The $79 billion in Inflation Reduction Act funding for the IRS — since reduced to about $58 billion — was targeted by Republicans in both chambers November 1. The effort in the Senate failed, while the one in the House is still playing out.
The Senate scotched on a 23-74 vote an effort to claw back $25 billion in enforcement dollars the IRS is getting from last year’s reconciliation bill, while Democrats voiced their outrage over a proposal from House Speaker Mike Johnson, R-La., to grab $14.3 billion of the IRA funds to balance the cost of emergency aid to Israel.

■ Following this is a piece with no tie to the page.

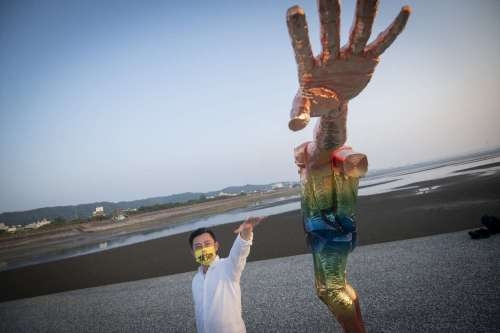 新竹市長林智堅與日本藝術家阿部乳坊作品「旅人計畫：風與海」。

Senate Majority Leader Charles E. Schumer, D-N.Y., said he was baffled that Johnson pushed the IRS clawback as an offset to emergency funding when “every independent estimate” says it will add to the deficit. That includes a new Congressional Budget Office analysis that said the supposed pay-for would instead add $12.5 billion to the deficit because of decreased tax collections.
“The House GOP proposal is not going anywhere. It’s dead before it even is voted on,” Schumer said shortly after the Senate convened November 1.
Schumer’s comment followed a veto threat from the White House that warned that the clawback would set “a dangerous precedent by demanding partisan poison pill offsets in return for meeting core national security needs.”
Johnson’s reaction to the CBO score was to rephrase a longtime GOP complaint that federal government accounting views a reduction in the rate of a program’s growth as a spending cut.
“I’m not surprised at all,” Johnson said, according to a post on X, formerly known as Twitter. “Only in Washington when you cut spending do they call it an increase in the deficit.”
Senate Finance Committee member John Cornyn, R-Texas, was also unimpressed with the score from the nonpartisan CBO.
“That’s based on a fantasy—that taking $14 billion out of the $80 billion appropriation is somehow going to slow collections,” Cornyn told reporters November 1. “I don’t buy that. And if Democrats don’t like those offsets, then they need to come up with something else.”
To CBO or Not to CBO
The CBO analysis released November 1 found that rescinding the $14.3 billion in IRS funding from the IRA would decrease revenue for the IRS by $26.8 billion over 10 years, with a net addition of $12.5 billion to the deficit. When combined with the cost of the emergency aid to Israel included in the legislation, the price tag on the bill was estimated at $26.7 billion, according to the CBO.
The score was requested by Rep. Steny H. Hoyer, D-Md., the ranking member of the House Appropriations Subcommittee on Financial Services and General Government, and House Ways and Means Committee member Bradley Scott Schneider, D-Ill.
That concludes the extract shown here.